Trichloroethylene (TCE) is a nonflammable, colorless liquid that evaporates quickly into the air. It’s used as a synthetic solvent to remove grease from metal parts and in the manufacture of other chemicals, such as refrigerants. TCE is also used as a solvent for greases, oils, fats, waxes, and tars; in textile processing to clean cotton, wool, and other fabrics; in dry cleaning; and as a component of adhesives, lubricants, paints, varnishes, paint strippers, pesticides, and metal cleaners. TCE is classified as a human carcinogen by the US Department of Health and Human Services, the International Agency for Research on Cancer (IARC) and as “carcinogenic in humans by all routes of exposure” by the US Environmental Protection Agency. It can cause kidney cancer, as well as non-Hodgkin’s lymphoma and can induce headaches or dizziness after short-term exposure.
Because TCE is a volatile organic compound, it forms chemical vapors when present in soil or groundwater. These vapors could migrate upward and enter overlaying buildings through cracks and openings in the foundation. Residents are then exposed to TCE vapor intrusion by inhaling contaminated indoor air.
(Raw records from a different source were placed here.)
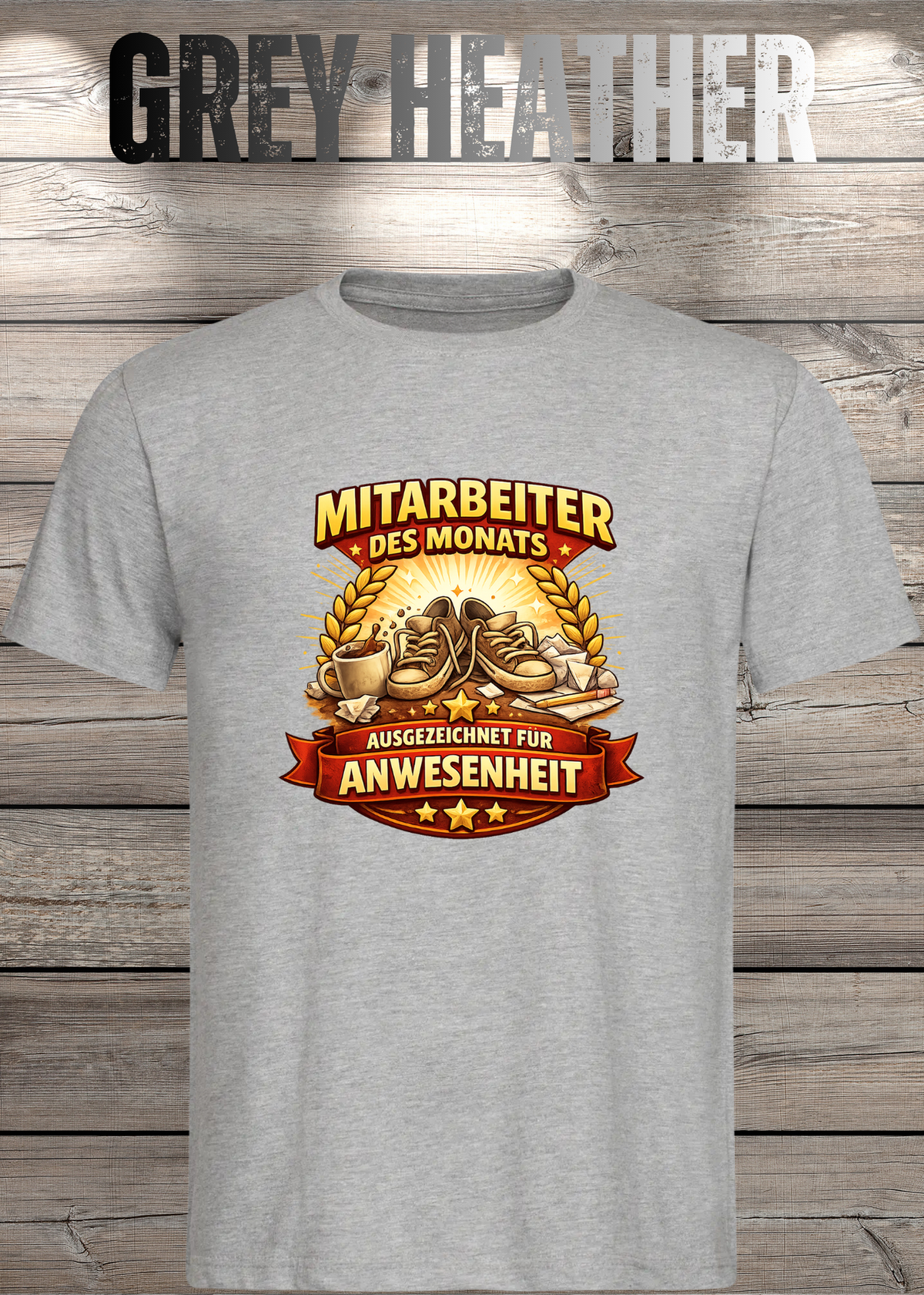 Unisex-T-Shirt „Mitarbeiter des Monats - Ausgezeichnet für Anwesenheit“ in Grey Heather.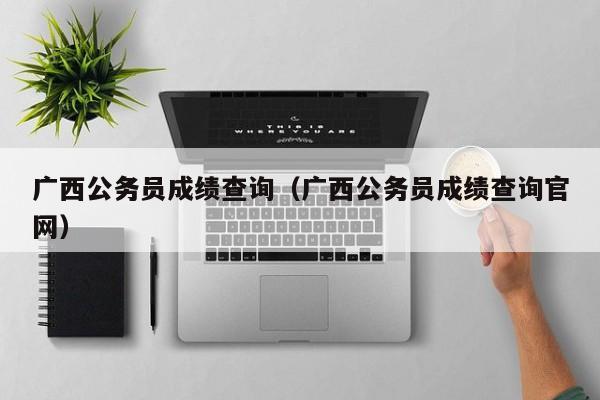 广西公务员成绩查询（广西公务员成绩查询官网）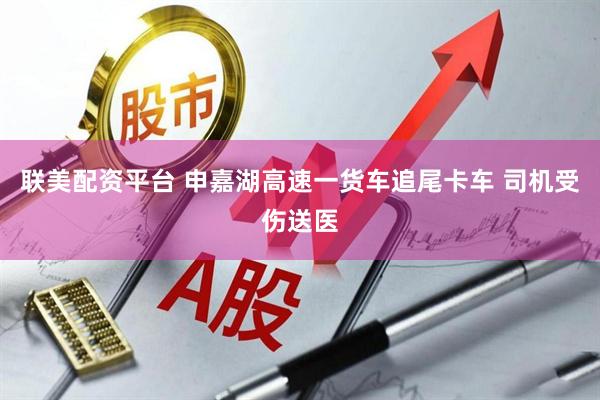 联美配资平台 申嘉湖高速一货车追尾卡车 司机受伤送医
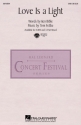 Ken Bible_Tom Fettke, Love is a Light SATB Chorpartitur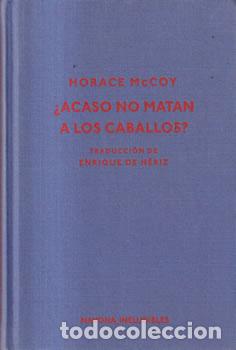 Libros: &iquest;Acaso no matan a los caballos? - Horace McCoy - Foto 1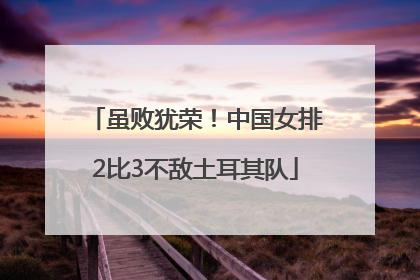虽败犹荣！中国女排2比3不敌土耳其队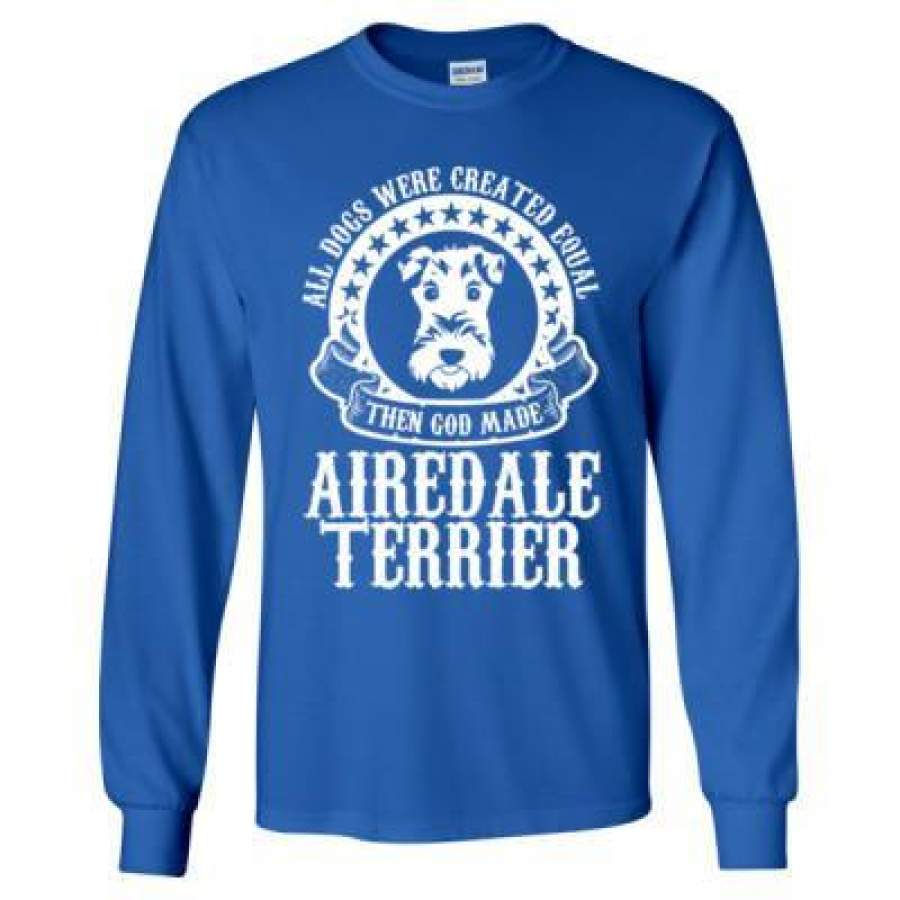 AGR All Dogs Were Created Equal God Made Airedale Terrier – Long Sleeve T-Shirt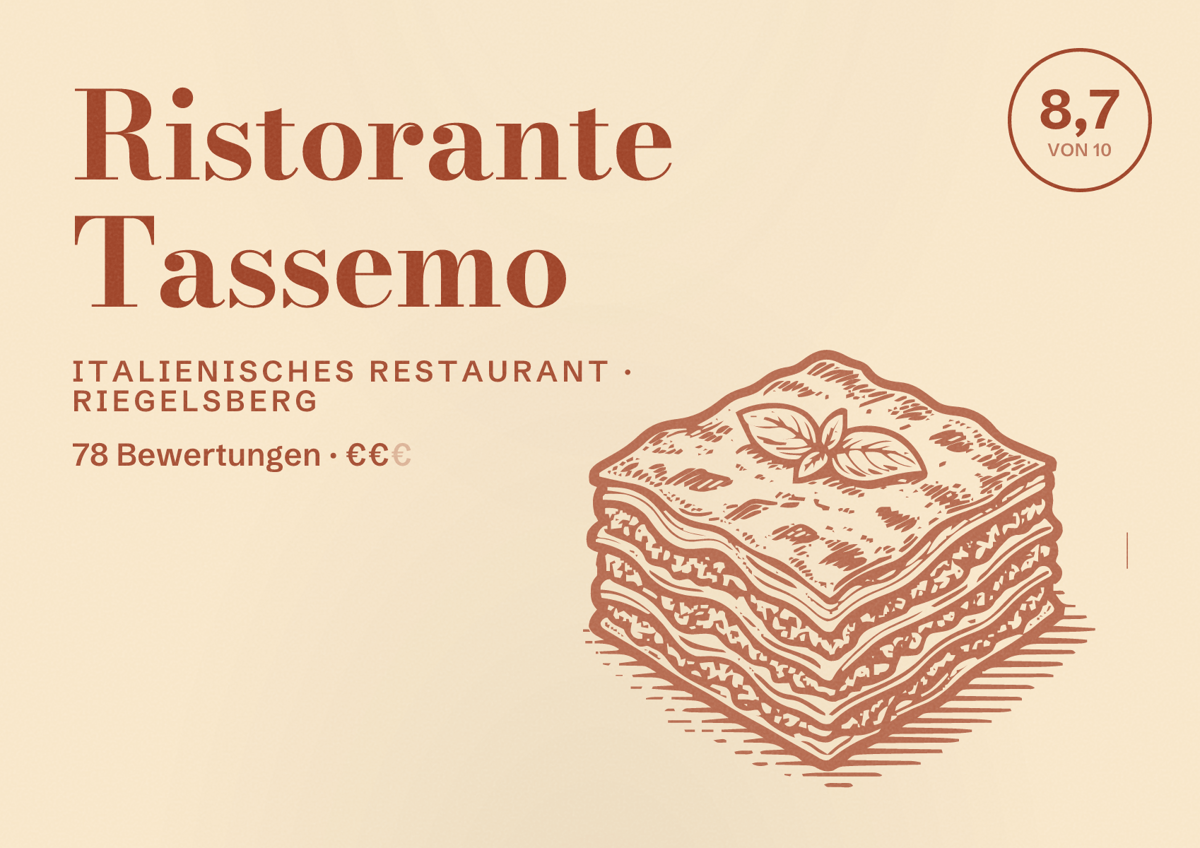 Illustriertes Poster von Ristorante Tassemo, Italienisches Restaurant in Riegelsberg: Bewertung 8,7 von 10 aus 78 Bewertungen, Preisniveau €€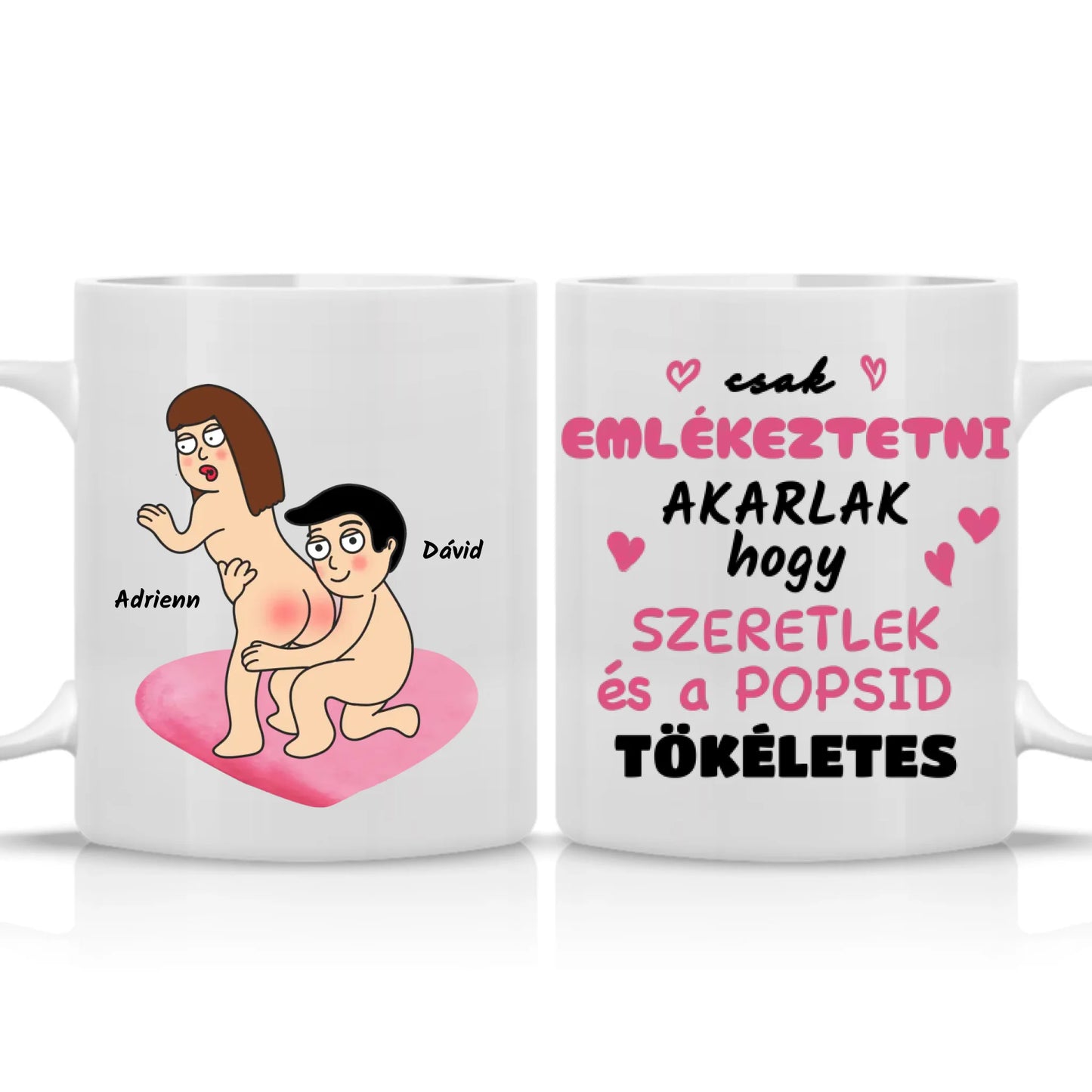 Egyedi - Csak emlékeztetni akarlak, szeretlek, popsid tökéletes - bögre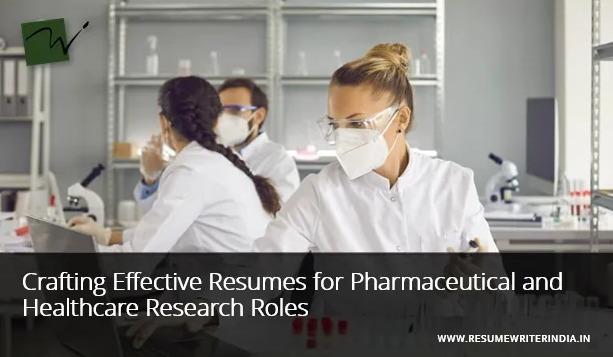 Crafting Effective Resumes for Pharmaceutical and Healthcare Research Roles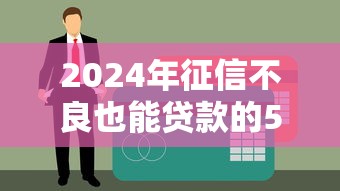 2024年征信不良也能贷款的5大网贷放水口子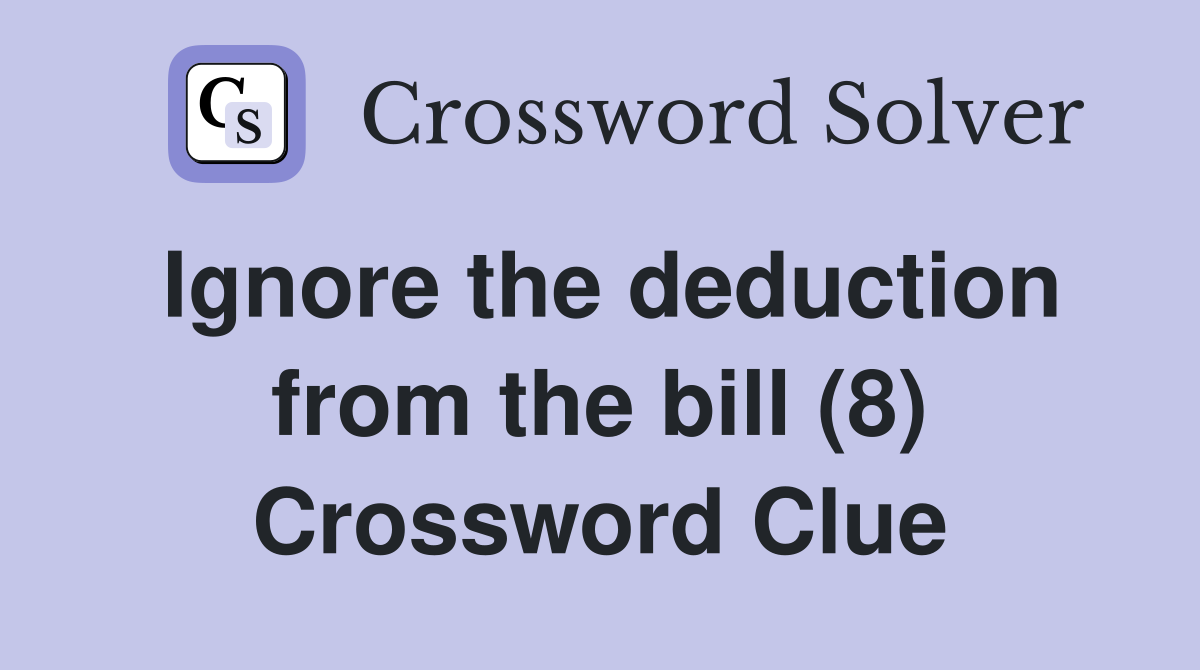 Ignore the deduction from the bill (8) Crossword Clue
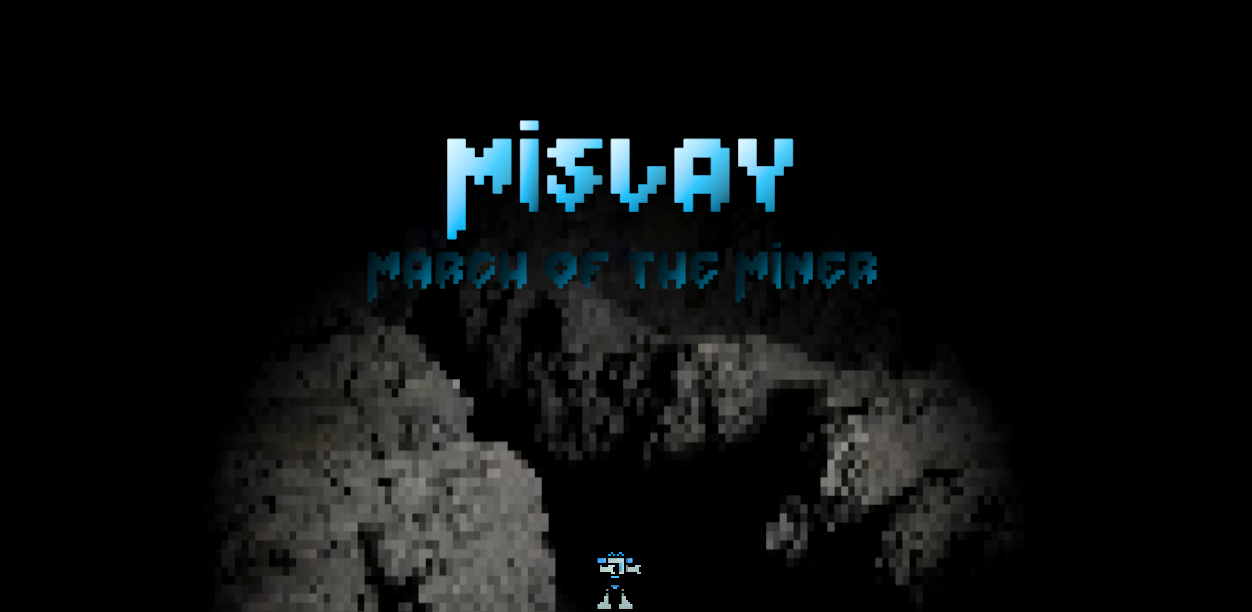 Mislay: March of the Miner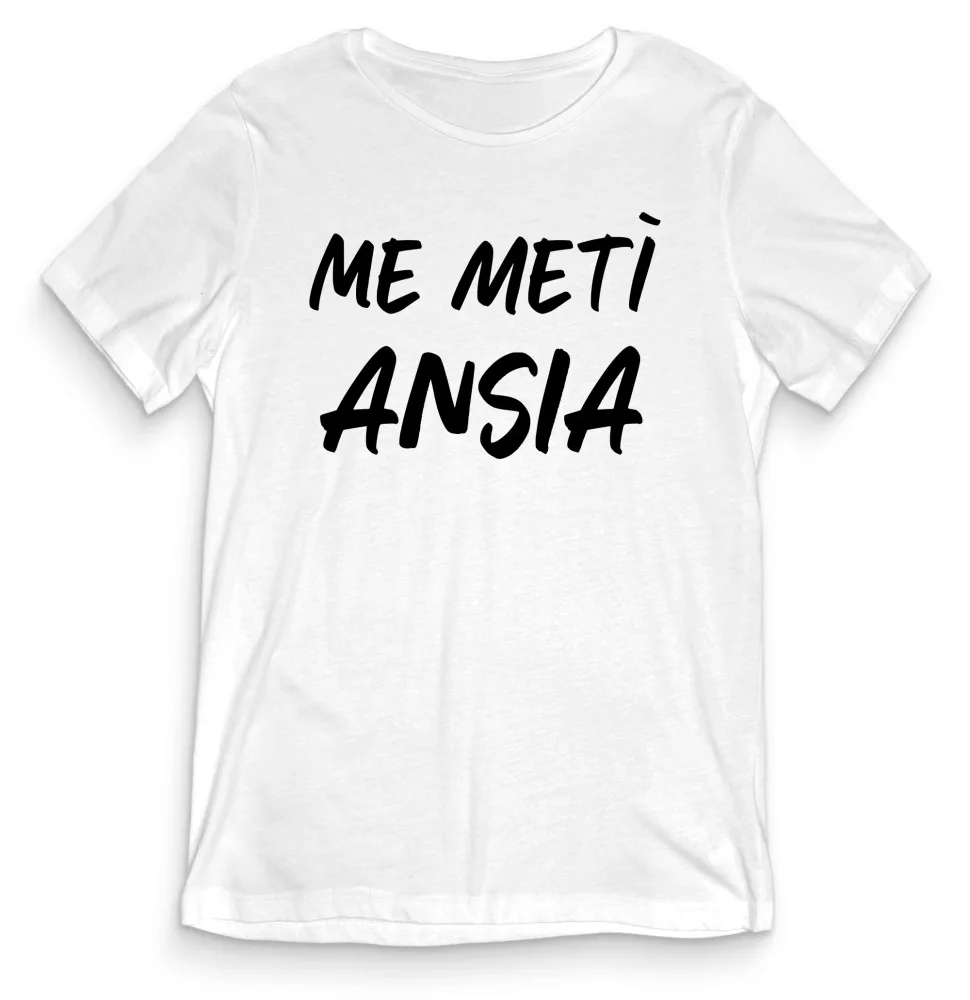 T-shirt Divertente – ME METI’ ANSIA – tee24-001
Research such as this underpins BioMedware’s core mission—reducing the global burden of environmental exposures that lead to illness and death. Follow this link to the article https://rdcu.be/doAd2. The abstract is attached below.
Abstract:
This paper describes a geostatistical approach to model and visualize the space—time distribution of groundwater contaminants. It is illustrated using data from one of the world’s largest plume of trichloroethylene (TCE) contamination, extending over23 km2, which has polluted drinking water wells in northern Michigan. A total of 613 TCE concentrations were recorded at 36 wells between May 2003 and October 2018. To account for the non-stationarity of the spatial covariance, the data were first projected in a new space using multidimensional scaling. During this spatial deformation the domain is stretched in regions of relatively lower spatial correlation (i.e.,higher spatial dispersion), while being contracted in regions of higher spatial correlation. The range of temporal autocorrelation is 43 months, while the spatial range is 11 km. The sample semivariogram was fitted using three different types of non-separable space–time models, and their prediction performance was compared using cross-validation. The sum-metric and product-sum semivariogram models performed equally well, with a mean absolute error of prediction corresponding to 23% of the mean TCE concentration. The observations were then interpolated every 6 months to the nodes of a 150 m s pacing grid covering the study area and results were visualized using a three-dimensional space–time cube. This display highlights how TCE concentrations increased over time in the northern part of the study area, as the plume is flowing to the so-called Chain of Lakes.